There it was determined with respect to the categories for which the owner would be liable (a) a fault of a person for which the owner of the ship is liable according to articles 6: 169-6: 171 of the Dutch Civil Code) or (b) a fault of a person or persons who perform or have performed work for the benefit of the ship or the cargo, committed in the performance of their duties, (c) the realization of a special danger to persons or property created by the fact that the ship did not comply with the requirements which one could set for it in the given circumstances.
The proceedings discussed in this article concerned the defense on the part of the lessor’s liability insurer (NN) that, as a lessor of pleasure boats, it did not belong to the group of liable parties as determined by the Supreme Court in the aforementioned judgment when interpreting the concept of fault of a ship.
In the judgment rendered on 18 August 2020 the Court of Appeal of Arnhem – Leeuwarden ruled in paragraphs 5.3.6 and 5.3.7 that in the event of a collision caused by an error attributable to the mate it is not important whether the shipowner himself made the error that led to the collision, or whether he has control over the mate, or whether the mate falls within the circle of persons for whose conduct the shipowner is liable pursuant to Articles 6:169 through 6:171 of the DCC.
Also if the owner has chartered out the ship without a skipper or crew….., the qualitative liability of the owner for collision damage remains intact vis-à-vis third parties.

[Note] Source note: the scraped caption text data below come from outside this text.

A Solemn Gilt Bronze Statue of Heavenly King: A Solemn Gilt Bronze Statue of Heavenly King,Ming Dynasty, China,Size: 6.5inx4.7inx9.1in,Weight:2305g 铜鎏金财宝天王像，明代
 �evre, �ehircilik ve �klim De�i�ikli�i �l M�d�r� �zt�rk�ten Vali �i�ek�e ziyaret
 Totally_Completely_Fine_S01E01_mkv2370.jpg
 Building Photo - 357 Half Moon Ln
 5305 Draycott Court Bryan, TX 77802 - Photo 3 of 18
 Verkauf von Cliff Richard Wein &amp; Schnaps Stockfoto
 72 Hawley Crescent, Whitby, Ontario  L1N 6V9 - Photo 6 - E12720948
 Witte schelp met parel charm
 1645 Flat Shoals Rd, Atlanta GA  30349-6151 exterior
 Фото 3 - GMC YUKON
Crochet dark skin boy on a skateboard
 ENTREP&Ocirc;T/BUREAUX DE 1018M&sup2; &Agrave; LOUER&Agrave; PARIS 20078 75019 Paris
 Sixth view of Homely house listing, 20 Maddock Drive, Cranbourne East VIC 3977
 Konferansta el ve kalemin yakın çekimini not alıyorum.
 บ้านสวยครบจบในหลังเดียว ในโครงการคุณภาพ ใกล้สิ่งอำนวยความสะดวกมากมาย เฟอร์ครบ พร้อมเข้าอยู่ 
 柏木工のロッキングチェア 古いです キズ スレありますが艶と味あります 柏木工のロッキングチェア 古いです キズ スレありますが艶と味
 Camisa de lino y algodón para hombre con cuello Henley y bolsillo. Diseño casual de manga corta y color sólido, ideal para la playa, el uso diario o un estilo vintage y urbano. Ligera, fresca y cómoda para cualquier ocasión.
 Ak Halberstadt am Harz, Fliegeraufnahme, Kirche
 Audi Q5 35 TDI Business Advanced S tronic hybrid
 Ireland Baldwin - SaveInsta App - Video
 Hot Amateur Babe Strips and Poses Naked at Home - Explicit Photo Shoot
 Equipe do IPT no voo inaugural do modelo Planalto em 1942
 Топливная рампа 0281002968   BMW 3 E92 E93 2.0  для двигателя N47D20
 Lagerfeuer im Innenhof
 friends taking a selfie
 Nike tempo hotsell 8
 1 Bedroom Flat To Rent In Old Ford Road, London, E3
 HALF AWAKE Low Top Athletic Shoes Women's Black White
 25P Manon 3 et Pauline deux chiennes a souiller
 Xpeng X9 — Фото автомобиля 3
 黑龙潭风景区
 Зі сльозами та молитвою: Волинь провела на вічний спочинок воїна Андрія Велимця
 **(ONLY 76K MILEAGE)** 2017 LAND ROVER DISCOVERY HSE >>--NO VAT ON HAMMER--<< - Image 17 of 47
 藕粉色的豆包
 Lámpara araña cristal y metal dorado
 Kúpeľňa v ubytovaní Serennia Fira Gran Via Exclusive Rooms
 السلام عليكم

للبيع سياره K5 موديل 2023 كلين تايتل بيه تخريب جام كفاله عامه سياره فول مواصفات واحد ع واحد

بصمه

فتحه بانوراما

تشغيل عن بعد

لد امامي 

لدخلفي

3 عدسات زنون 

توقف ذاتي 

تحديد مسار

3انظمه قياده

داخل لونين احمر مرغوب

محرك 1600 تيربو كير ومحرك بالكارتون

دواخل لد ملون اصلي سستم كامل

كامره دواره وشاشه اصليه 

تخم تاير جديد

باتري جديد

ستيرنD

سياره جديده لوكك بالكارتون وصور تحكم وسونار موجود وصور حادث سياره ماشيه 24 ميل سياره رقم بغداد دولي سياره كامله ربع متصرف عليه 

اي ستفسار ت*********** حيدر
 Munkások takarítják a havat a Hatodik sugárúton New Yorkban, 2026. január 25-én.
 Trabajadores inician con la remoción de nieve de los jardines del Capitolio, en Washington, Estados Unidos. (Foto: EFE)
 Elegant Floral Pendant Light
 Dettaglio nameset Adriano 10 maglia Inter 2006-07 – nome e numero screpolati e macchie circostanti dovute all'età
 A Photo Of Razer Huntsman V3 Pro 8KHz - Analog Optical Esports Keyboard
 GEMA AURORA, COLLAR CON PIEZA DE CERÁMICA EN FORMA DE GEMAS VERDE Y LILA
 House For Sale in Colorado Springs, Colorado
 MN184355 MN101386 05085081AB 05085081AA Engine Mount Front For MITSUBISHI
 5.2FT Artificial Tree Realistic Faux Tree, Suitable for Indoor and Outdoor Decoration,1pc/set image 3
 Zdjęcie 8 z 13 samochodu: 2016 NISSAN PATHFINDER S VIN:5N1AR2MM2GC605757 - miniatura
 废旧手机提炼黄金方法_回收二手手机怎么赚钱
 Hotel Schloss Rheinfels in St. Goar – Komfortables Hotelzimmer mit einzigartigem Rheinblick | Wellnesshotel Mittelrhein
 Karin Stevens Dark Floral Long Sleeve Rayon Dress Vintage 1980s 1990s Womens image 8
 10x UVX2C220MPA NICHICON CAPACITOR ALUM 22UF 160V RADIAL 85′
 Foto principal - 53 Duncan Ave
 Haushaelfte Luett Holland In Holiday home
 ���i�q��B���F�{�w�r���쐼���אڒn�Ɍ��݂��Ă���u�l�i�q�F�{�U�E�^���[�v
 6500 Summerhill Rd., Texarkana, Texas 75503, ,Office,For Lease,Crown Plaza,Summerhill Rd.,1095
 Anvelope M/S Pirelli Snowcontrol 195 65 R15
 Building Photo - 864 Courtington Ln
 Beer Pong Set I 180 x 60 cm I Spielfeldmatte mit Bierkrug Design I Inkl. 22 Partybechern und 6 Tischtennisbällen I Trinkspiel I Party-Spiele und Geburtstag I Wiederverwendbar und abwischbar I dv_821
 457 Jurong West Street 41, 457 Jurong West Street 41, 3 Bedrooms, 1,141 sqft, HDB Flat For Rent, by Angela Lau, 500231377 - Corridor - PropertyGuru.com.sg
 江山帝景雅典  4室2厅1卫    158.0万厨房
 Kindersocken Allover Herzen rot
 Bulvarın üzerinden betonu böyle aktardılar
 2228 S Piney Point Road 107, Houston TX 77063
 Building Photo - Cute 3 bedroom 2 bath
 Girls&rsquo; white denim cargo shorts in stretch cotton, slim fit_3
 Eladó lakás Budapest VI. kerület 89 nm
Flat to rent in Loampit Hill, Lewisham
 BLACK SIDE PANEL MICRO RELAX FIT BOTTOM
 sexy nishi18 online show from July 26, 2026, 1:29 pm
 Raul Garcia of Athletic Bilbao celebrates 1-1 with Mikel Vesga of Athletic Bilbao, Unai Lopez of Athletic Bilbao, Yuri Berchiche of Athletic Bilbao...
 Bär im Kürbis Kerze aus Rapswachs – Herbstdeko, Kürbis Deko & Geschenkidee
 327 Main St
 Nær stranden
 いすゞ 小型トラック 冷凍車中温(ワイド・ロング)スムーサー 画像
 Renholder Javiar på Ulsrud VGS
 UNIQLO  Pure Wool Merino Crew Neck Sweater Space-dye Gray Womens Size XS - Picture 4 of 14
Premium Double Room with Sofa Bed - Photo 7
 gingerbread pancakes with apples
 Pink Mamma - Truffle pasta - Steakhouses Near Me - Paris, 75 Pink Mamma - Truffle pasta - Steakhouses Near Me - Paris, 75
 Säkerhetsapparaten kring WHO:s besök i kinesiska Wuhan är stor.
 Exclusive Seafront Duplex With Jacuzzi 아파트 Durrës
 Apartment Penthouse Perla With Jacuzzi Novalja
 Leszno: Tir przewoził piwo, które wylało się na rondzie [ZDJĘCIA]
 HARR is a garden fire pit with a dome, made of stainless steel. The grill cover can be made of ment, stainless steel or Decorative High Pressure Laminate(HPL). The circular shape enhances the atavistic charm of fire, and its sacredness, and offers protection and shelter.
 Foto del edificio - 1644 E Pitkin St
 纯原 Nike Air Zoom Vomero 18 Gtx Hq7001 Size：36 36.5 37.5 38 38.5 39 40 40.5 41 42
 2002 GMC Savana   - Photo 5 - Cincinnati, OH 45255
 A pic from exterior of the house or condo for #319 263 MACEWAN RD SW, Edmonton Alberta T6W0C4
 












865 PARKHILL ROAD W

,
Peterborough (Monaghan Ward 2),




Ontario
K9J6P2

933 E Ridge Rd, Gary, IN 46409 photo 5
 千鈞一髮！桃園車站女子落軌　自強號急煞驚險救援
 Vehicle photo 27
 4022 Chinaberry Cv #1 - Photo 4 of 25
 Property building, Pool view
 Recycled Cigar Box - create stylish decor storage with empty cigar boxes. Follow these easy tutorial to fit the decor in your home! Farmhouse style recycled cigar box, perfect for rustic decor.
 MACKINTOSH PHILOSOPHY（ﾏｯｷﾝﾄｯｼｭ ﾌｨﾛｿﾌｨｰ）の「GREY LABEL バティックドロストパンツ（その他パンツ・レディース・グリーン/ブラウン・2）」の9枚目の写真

Next, the Court of Appeal considered that the limited interpretation which Bootsma gives to the Casuele/De Toekomst judgment with regard to the categories for which the owner would be liable (a) a fault of a person for which the owner of the ship is liable under Articles 6: 169-6:171 of the Dutch Civil Code) or (b) a fault of a person or persons who perform or have performed work for the benefit of the ship or the cargo, committed in the performance of their duties, is based on an incorrect reading of that judgment.
An important clarification by this judgment, especially for the insurance practice, where all too often damage is caused with rental ships and the actual mate does not leave any details or, as in the present case, simply denies that he has steered the ship.
For the practice in dealing with damage cases the second part of paragraph 5.3.6 is interesting in which the Court of Appeal indicates that there is no impediment for the person who suffers damage to actually sue the person to whose fault the collision damage is attributable or the person who is liable for that person’s conduct pursuant to Sections 6: 169 up to and including 6: 171 of the BW.
It is therefore very important, in the event of collision damage, to also request the name and address of the actual mate at the time of the collision under all circumstances!